If the nearest occlusion cell value is below the threshold occlusion.occlusion_required_clearance_distance, it means that the FOV of ego is not clear. It is expected that the occlusion gets cleared as the vehicle approaches the occlusion peeking stop line.

Occlusion source estimation at intersection with traffic light

At intersection with traffic light, the whereabout of occlusion is estimated by checking if there are any objects between ego and the nearest occlusion cell. While the occlusion is estimated to be caused by some object (DYNAMICALLY occluded), intersection_wall appears at all times. If no objects are found between ego and the nearest occlusion cell (STATICALLY occluded), after ego stopped for the duration of occlusion.static_occlusion_with_traffic_light_timeout plus occlusion.occlusion_detection_hold_time, occlusion is intentionally ignored to avoid stuck.

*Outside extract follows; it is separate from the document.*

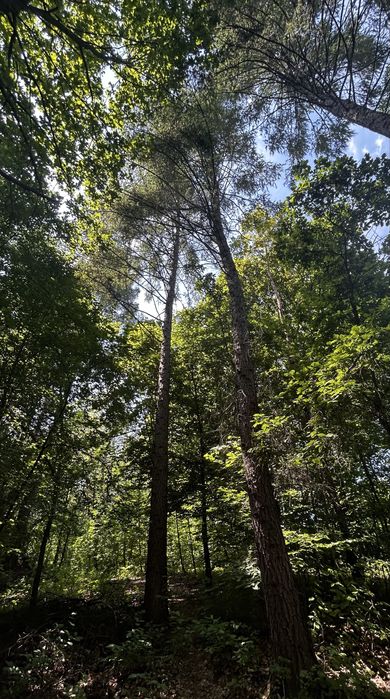 Modrzew na pniu 4szt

The remaining time is visualized on the intersection_occlusion virtual wall.

Occlusion handling at intersection without traffic light

At intersection without traffic light, if occlusion is detected, ego makes a brief stop at default_stopline and first_attention_stopline respectively. After stopping at the first_attention_area_stopline this module inserts occlusion.absence_traffic_light.creep_velocity velocity between ego and occlusion_wo_tl_pass_judge_line while occlusion is not cleared. If collision is detected, ego immediately stops. Once the occlusion is cleared or ego has passed occlusion_wo_tl_pass_judge_line this module does not detect collision and occlusion because ego footprint is already inside the intersection.

While ego is creeping, yellow intersection_wall appears in front ego.

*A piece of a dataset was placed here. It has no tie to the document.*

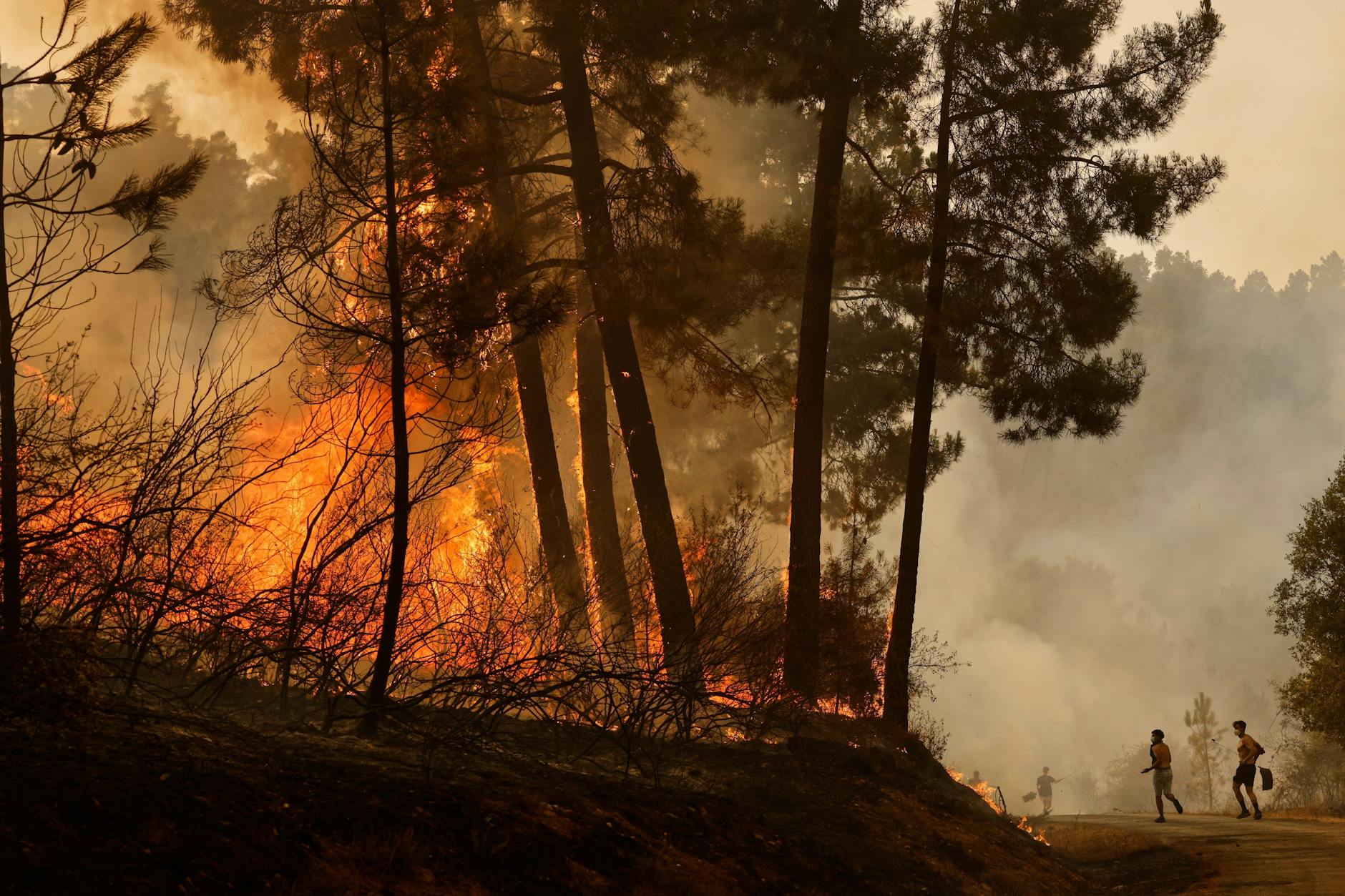 Spanien, Larouco: Anwohner und freiwillige Helfer versuchen einen Waldbrand zu löschen.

Traffic signal specific behavior

Collision detection

TTC parameter varies depending on the traffic light color/shape as follows.

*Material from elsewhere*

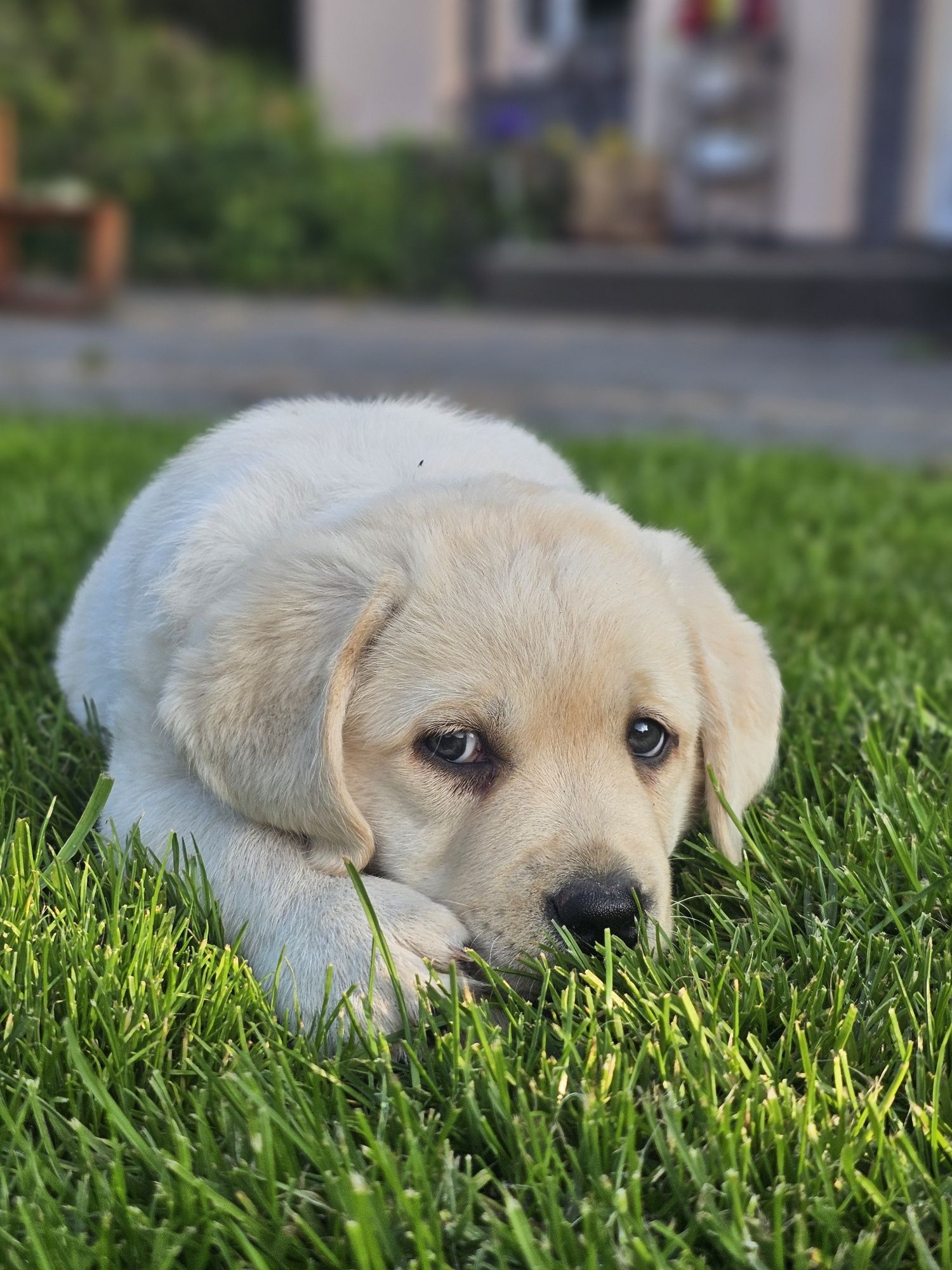 Labrador retriever pies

traffic light color	ttc(start)	ttc(end)
GREEN	collision_detection.not_prioritized.collision_start_margin	collision_detection.not_prioritized.collision_end_margin
AMBER	collision_detection.partially_prioritized.collision_start_end_margin	collision_detection.partially_prioritized.collision_start_end_margin
RED / Arrow	collision_detection.fully_prioritized.collision_start_end_margin	collision_detection.fully_prioritized.collision_start_end_margin

yield on GREEN

If the traffic light color changed to GREEN and ego approached the entry of the intersection lane within the distance collision_detection.yield_on_green_traffic_light.distance_to_assigned_lanelet_start and there is any object whose distance to its stopline is less than collision_detection.yield_on_green_traffic_light.object_dist_to_stopline, this module commands to stop for the duration of collision_detection.yield_on_green_traffic_light.duration at default_stopline.

skip on AMBER

If the traffic light color is AMBER but the object is expected to stop before its stopline under the deceleration of collision_detection.ignore_on_amber_traffic_light.object_expected_deceleration, collision checking is skipped.

skip on RED

If the traffic light color is RED or Arrow signal is turned on, the attention lanes which are not conflicting with ego lane are not used for detection. And even if the object stops with a certain overshoot from its stopline, but its expected stop position under the deceleration of collision_detection.ignore_on_amber_traffic_light.object_expected_deceleration is more than the distance collision_detection.ignore_on_red_traffic_light.object_margin_to_path from collision point, the object is ignored.

Occlusion detection

When the traffic light color/shape is RED/Arrow, occlusion detection is skipped.

Pass Judge Line

Generally it is not tolerable for vehicles that have lower traffic priority to stop in the middle of the unprotected area in intersections, and they need to stop at the stop line beforehand if there will be any risk of collision, which introduces two requirements:

1. The vehicle must start braking before the boundary of the unprotected area at least by the braking distance if it is supposed to stop
2. The vehicle must recognize upcoming vehicles and check safety beforehand with enough braking distance margin if it is supposed to go
   1. And the SAFE decision must be absolutely certain and remain to be valid for the future horizon so that the safety condition will be always satisfied while ego is driving inside the unprotected area.
3. (TODO): Since it is almost impossible to make perfectly safe decision beforehand given the limited detection range/velocity tracking performance, intersection module should plan risk-evasive acceleration velocity profile AND/OR relax lateral acceleration limit while ego is driving inside the unprotected area, if the safety decision is "betrayed" later due to the following reasons:
   1. The situation turned out to be dangerous later, mainly because velocity tracking was underestimated or the object accelerated beyond TTC margin
   2. The situation turned dangerous later, mainly because the object is suddenly detected out of nowhere

The position which is before the boundary of unprotected area by the braking distance which is obtained by

\[ \dfrac{v_{\mathrm{ego}}^{2}}{2a_{\mathrm{max}}} + v_{\mathrm{ego}} * t_{\mathrm{delay}} \]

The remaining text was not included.